09/05/2016

Poetas religiosos


Prefácio dos Contos Exemplares, de Sophia um texto maravilhoso de D. António Ferreira Gomes, intitulado: Pórtico.

"Que o grande pecado da cultura moderna - pecado, em verdade, não original mas herdado de toda a cultura anterior, sobretudo da cultura medieval decadente - o grande pecado cultural tem sido  «usar o santo nome de Deus em vão»
(assim dizia a Cartilha, mais infelizmente esquecida ou não advertida neste ponto do que em tantos outros). Deus, fundamento de toda a Lógica ou de todo o Método para um Descartes, Deus, fundamento de toda a Ética para um Spinoza, Deus, fundamento de toda a Retórica para os pregadores e literatos barrocos, Deus fundamento de toda a política para um Cromwell, o primeiro dos ditadores modernos, isto é, de Estado totalitário (por Deus ou Contra Deus:«tanto monta, monta tanto!»), Deus enfim fundamento de tudo quanto o homem se lembra de construir a seu bel-prazer. E para mais, um deus claro e distinto, um deus mais evidente do que este pau ou esta pedra, um deus unívoco com as nossas ideias racionais e racionalistas - Verum sive intelectus, Deus sive natura, para Spinoza e para os spinozistas, que todos somos um pouco (mesmo os tomistas, quando dormitam) para quem «o primeiro artigo  de fé é um racionalismo que postula inteligibilidade de Deus e das coisas» (J. Lacroix).
E por acréscimo um deus sem Mistério nem mistérios, um deus mais claro e visível do que o sol meridiano - como se o sol  ao meio-dia nos fosse visível!... Hoje, talvez em linguagem mais culta, saborosa e rápida: Deus valor supremo e fonte de todos os valores! Esse novo equívoco que já  Nietzsche denunciava e do qual diz Heidegger com toda a razão: « O último golpe contra Deus e contra o mundo suprassensível consiste em que Deus, o existente de todo o existente, seja rebaixado à condição de valor supremo. Não porque se tenha Deus por incognoscível, não porque se demonstre que a existência de Deus é indemonstrável, se assesta o golpe mais duro em Deus, mas sim por elevar meramente a valor supremo  o Deus tido por real. E, com efeito, esse golpe não vem dos profanos que não creem em Deus, mas dos crentes e dos seus teólogos»...
Usar o santo nome de Deus em vão e caminhar-sem-Deus na vida tranquilamente não parece ser facto de hoje;  ao menos não terá hoje boa imprensa... existencialista. Sobretudo na Filosofia e na Poesia, que tantas vezes se disputam, ou entre si comutam o terreno ontológico, uma como análise, outra como criação. É bem certo que há, nesses domínios, quem continue a malbaratar o nome de Deus, apondo essa etiqueta, como os primeiros cristãos exprobravam ao paganismo, a tudo quanto se lhes antolhe, menos ao único Deus vivo e verdadeiro; não é hoje porém fenómeno próprio dos mais nem dos melhores.  Sobretudo não dos mais autenticamente religiosos. Não andaria muito longe de certa verdade Fernando Pessoa quando notava que, entre nós, os poetas religiosos não eram católicos e os poetas católicos não eram religiosos."
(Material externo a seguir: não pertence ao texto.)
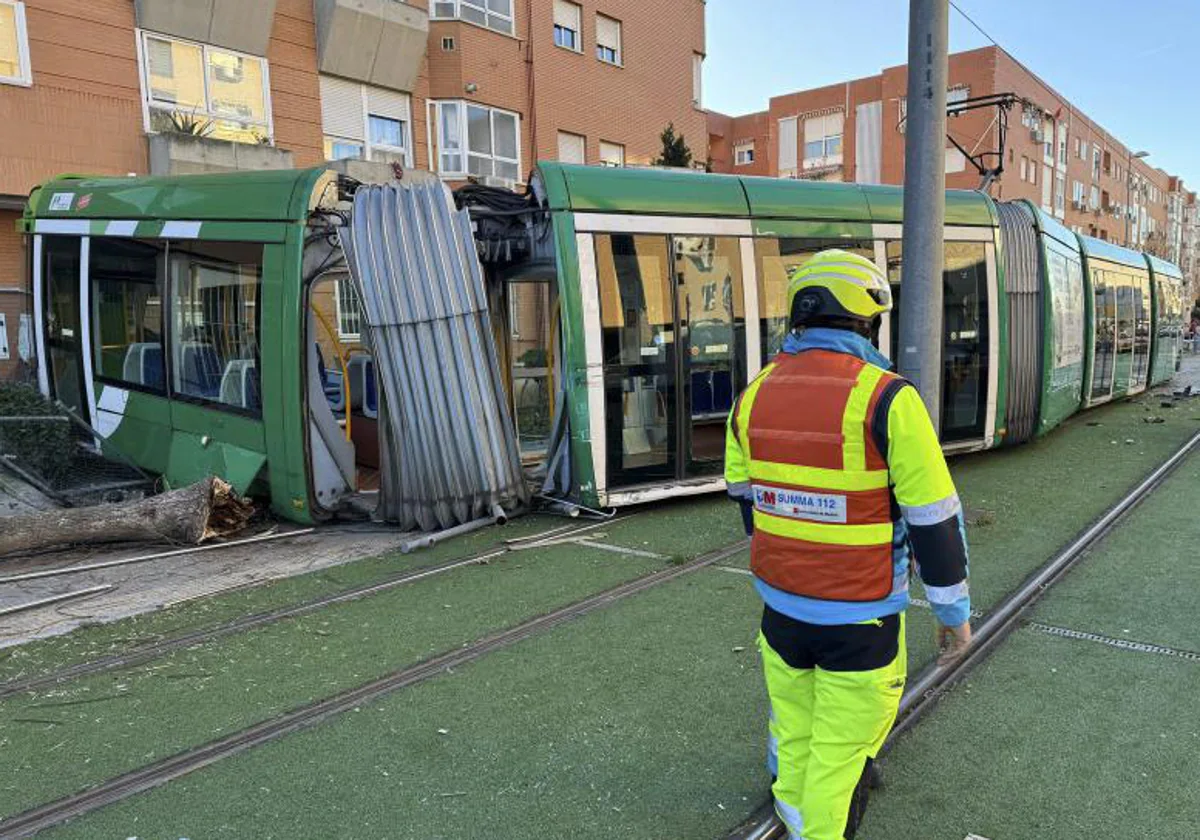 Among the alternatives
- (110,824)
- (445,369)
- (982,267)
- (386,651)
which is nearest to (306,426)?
(445,369)

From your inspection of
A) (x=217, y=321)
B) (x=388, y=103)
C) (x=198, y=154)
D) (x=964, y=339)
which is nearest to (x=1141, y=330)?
(x=964, y=339)

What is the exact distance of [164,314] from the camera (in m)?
7.61

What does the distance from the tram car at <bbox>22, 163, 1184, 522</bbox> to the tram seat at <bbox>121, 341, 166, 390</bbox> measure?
0.03 metres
D. António Ferreira Gomes, Pórtico in  "Contos Exemplares" de Sophia de Mello Breiner Andresen. Porto: Porto Editora, 2013 (36ª ed), p. 13 a 15 (1ª edição em 1962)


18 comentários:

  1. Interessante a cisão dos poetas entre religião e catolicismo. Mas acontece que, independente do que digam, não gosto de prólogos compridos. Quase sempre são um desvio da obra para o que o autor do prólogo pretende passar. Ora, em meu entender, a poesia que consta do livro é tudo que há a passar. E quem queira teorizar, faça-o em lugar próprio e deixe-a ali, no livro, a acontecer sem mais.
    Mas isto sou eu a quem os prólogos extensos aborrecem, sejam ou não de qualidade.

    Andreas Scholl tem a exacta tonalidade vocal que admiro. A minha amiga dilecta procurou-o para mim. Há um qualquer coisa nessa voz andrógina que me agrada demais. E não exagera os decibéis.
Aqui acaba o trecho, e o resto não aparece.